Initial Business Combination
We will have until 24 months from the closing of this offering to consummate our initial business combination. If we are unable to consummate our initial business combination within such time period, we will, as promptly as possible but not more than ten business days thereafter, redeem 100% of our outstanding public shares for a pro rata portion of the funds held in the trust account, including a pro rata portion of any interest earned on the funds held in the trust account and not previously released to us to pay our taxes, and then seek to dissolve and liquidate. However, we may not be able to distribute such amounts as a result of claims of creditors which may take priority over the claims of our public stockholders. In the event of our dissolution and liquidation, the public warrants will expire and will be worthless.
We will either (1) seek stockholder approval of our initial business combination at a meeting called for such purpose, at which stockholders may seek to convert their shares, regardless of whether they vote for or against the proposed business combination, into their pro rata share of the aggregate amount then on deposit in the trust account (net of amount required to pay our income and franchise taxes), or (2) provide our stockholders with the opportunity to sell their shares to us by means of a tender offer (and thereby avoid the need for a stockholder vote) for an amount equal to their pro rata share of the aggregate amount then on deposit in the trust account (net of amount required to pay our income and franchise taxes), in each case subject to the limitations described herein. The decision as to whether we will seek stockholder approval of our proposed business combination or allow stockholders to sell their shares to us in a tender offer will be made by us, solely in our discretion, and will be based on a variety of factors such as the timing of the transaction and whether the terms of the transaction would otherwise require us to seek stockholder approval. Any tender offer documents used in connection with a business combination will contain substantially the same financial and other information about the initial business combination as is required under the SEC’s proxy rules.

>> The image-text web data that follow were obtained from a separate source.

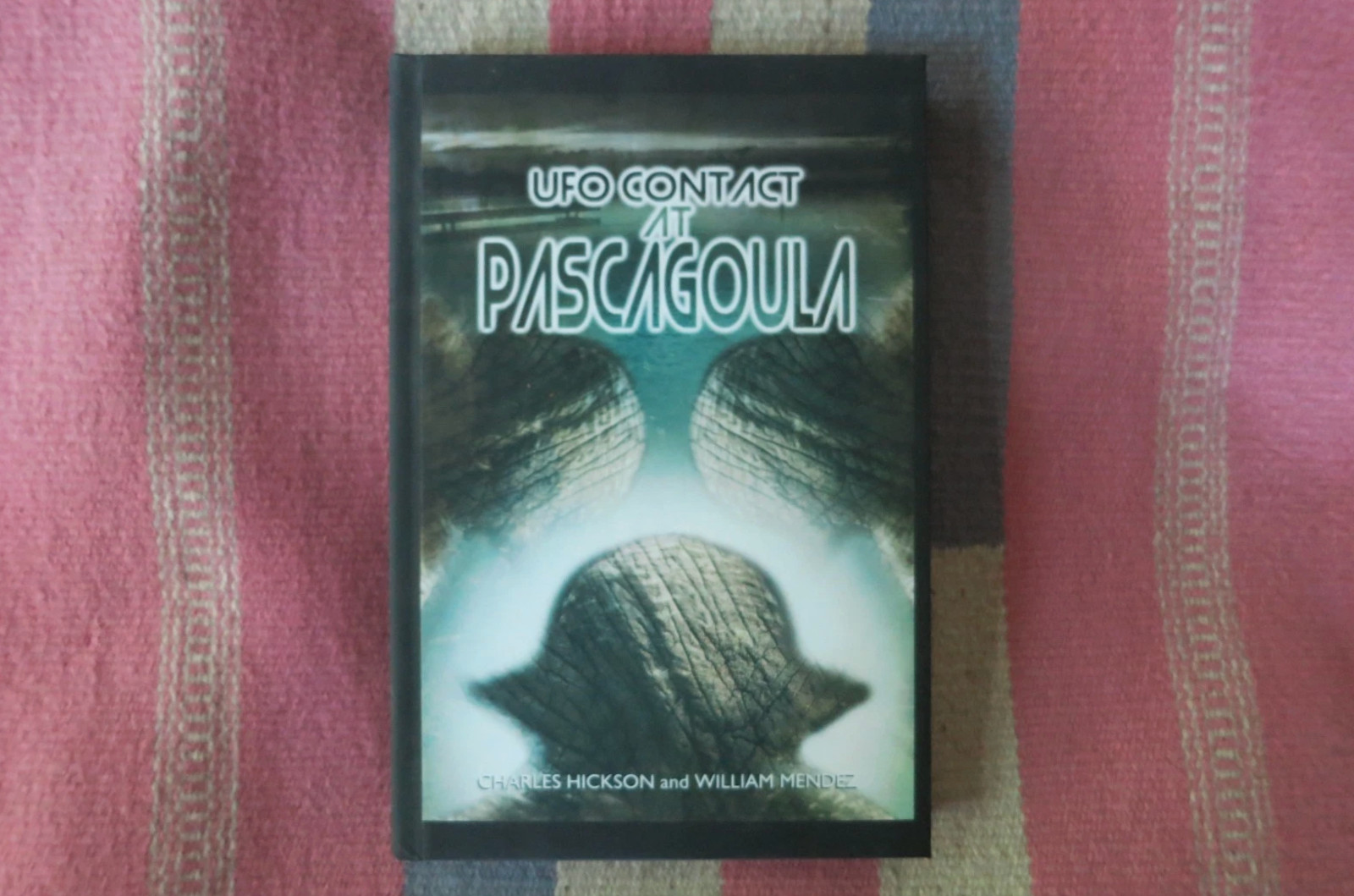UFO Contact At Pascagoula HC 2017 Edition Charles Hickson Willliam Mendez~Aliens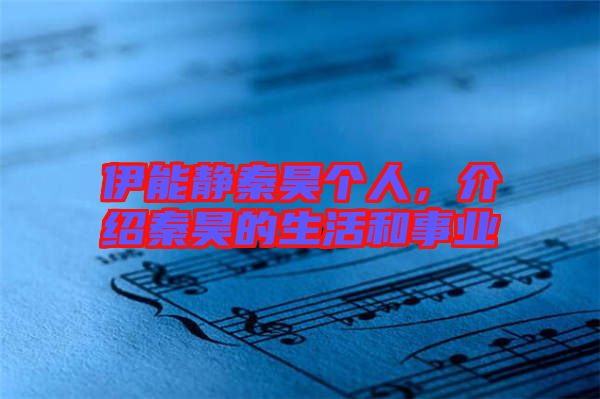 伊能靜秦昊個(gè)人,介紹秦昊的生活和事業(yè)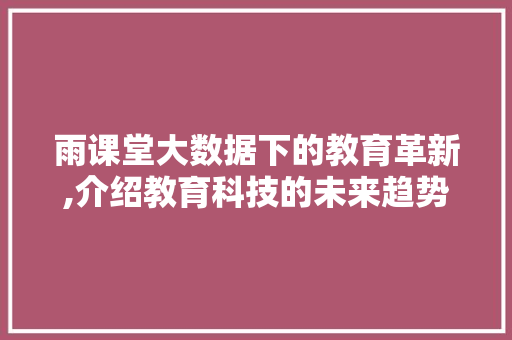 雨课堂大数据下的教育革新,介绍教育科技的未来趋势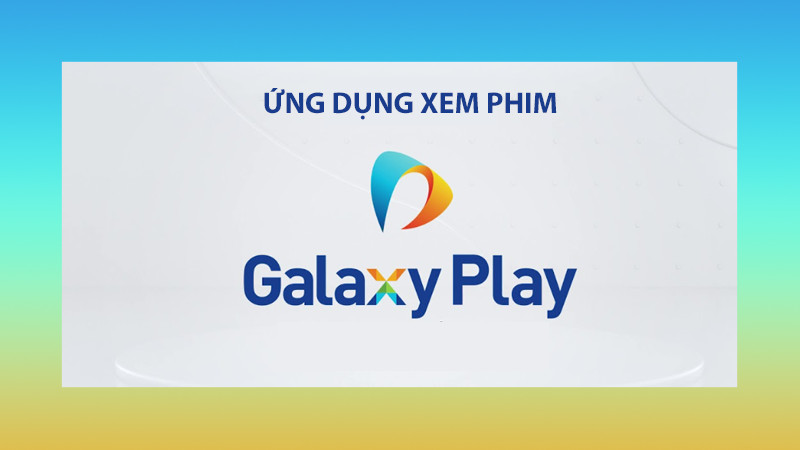 Ứng dụng xem phim chiếu rạp tại nhà Galaxy Play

The initial per public share redemption or conversion price will be $10.00 per share, regardless of whether the over-allotment option is exercised. However, we may not be able to distribute such amounts as a result of claims of creditors which may take priority over the claims of our public stockholders.

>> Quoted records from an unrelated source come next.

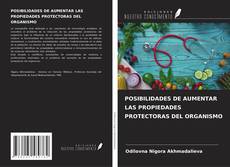 Bookcover of POSIBILIDADES DE AUMENTAR LAS PROPIEDADES PROTECTORAS DEL ORGANISMO
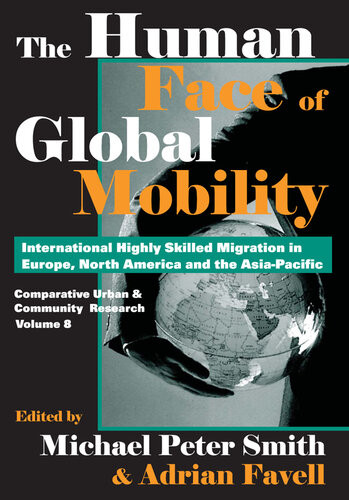 The Human Face Of Global Mobility Adrian Favell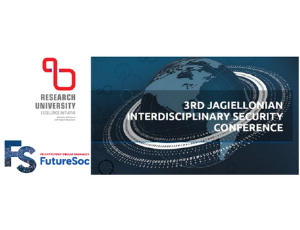 The 3rd JAGIELLONIAN INTERDISCIPLINARY SECURITY CONFERENCE “Innovative Security Governance: Interdisciplinary Perspectives”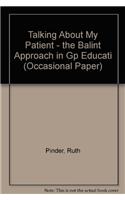Talking About My Patient - The Balint Approach in GP Educati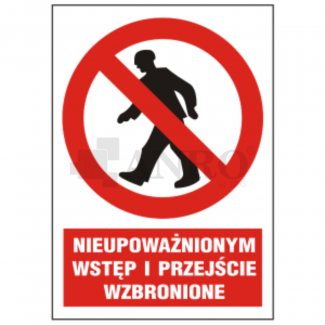 Nieupowaznionym_wstep_i_przejscie_wzbronione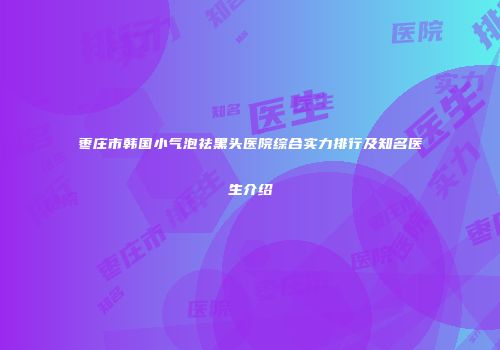 枣庄市韩国小气泡祛黑头医院综合实力排行及知名医生介绍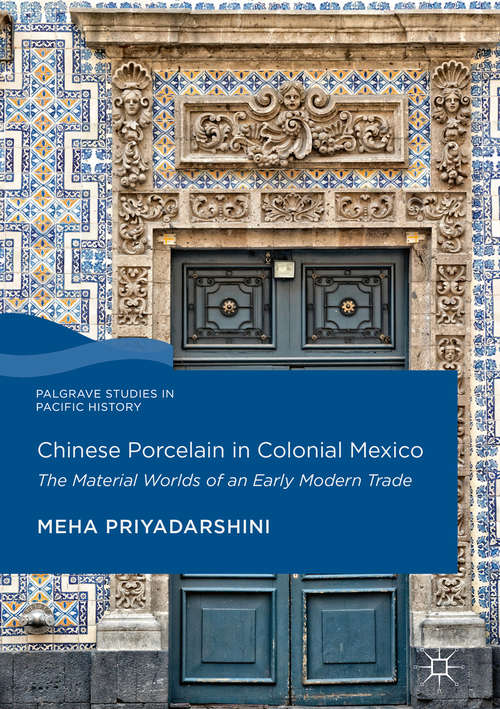 Book cover of Chinese Porcelain in Colonial Mexico: The Material Worlds of an Early Modern Trade (Palgrave Studies in Pacific History)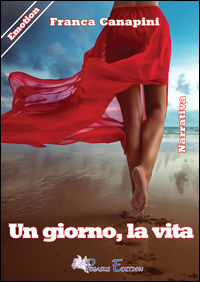 9788899239930 - Un giorno, la vita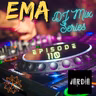 EMA DJ Mix Series - Episode 110 - by Jerdie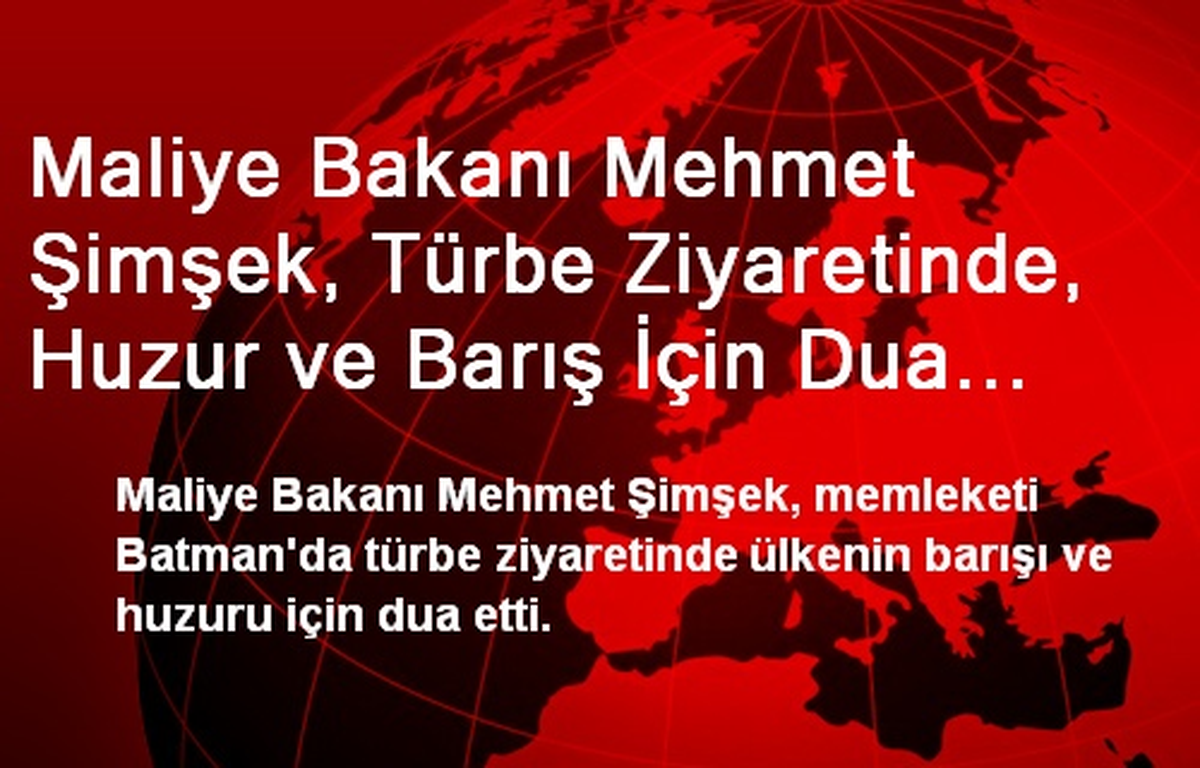 Maliye Bakanı Mehmet Şimşek, Türbe Ziyaretinde, Huzur ve Barış İçin Dua Etti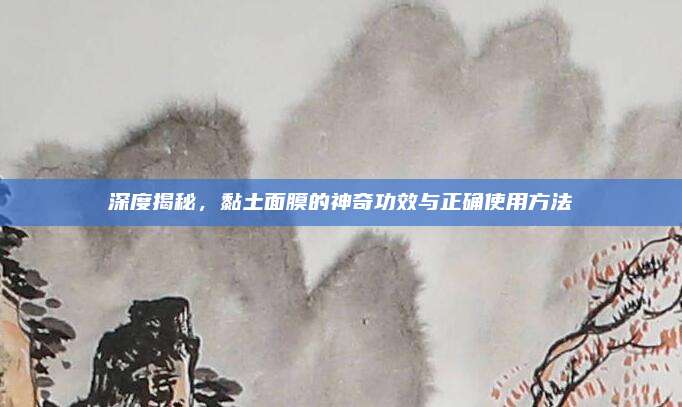 深度揭秘，黏土面膜的神奇功效与正确使用方法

Pursuant to the rules of the Nasdaq Stock Market, our initial business combination must occur with one or more target businesses having an aggregate fair market value of at least 80% of the value of the trust account (excluding any deferred underwriter’s fees and taxes payable on the income earned on the trust account), which we refer to as the 80% test, at the time of the agreement to enter into the initial business combination. Therefore, the fair market value of the target business will be calculated prior to any conversions of our shares in connection with a business combination and therefore will be a minimum of $80,000,000 (or $92,000,000 if the over-allotment option is exercised in full) in order to satisfy the 80% test. While the fair market value of the target business must satisfy the 80% test, the consideration we pay the owners of the target business may be a combination of cash (whether cash from the trust account or cash from a debt or equity financing transaction that closes concurrently with the business combination) or our equity securities. The exact nature and amount of consideration would be determined based on negotiations with the target business, although we will attempt to primarily use our equity as transaction consideration. If our board is not able to independently determine the fair market value of the target business or businesses, we will obtain an opinion from an independent investment banking firm with respect to the satisfaction of such criteria. We will also obtain a fairness opinion from an independent investment banking firm before consummating a business combination with an entity affiliated with any of our officers, directors or insiders. If we are no longer listed on Nasdaq, we will not be required to satisfy the 80% test.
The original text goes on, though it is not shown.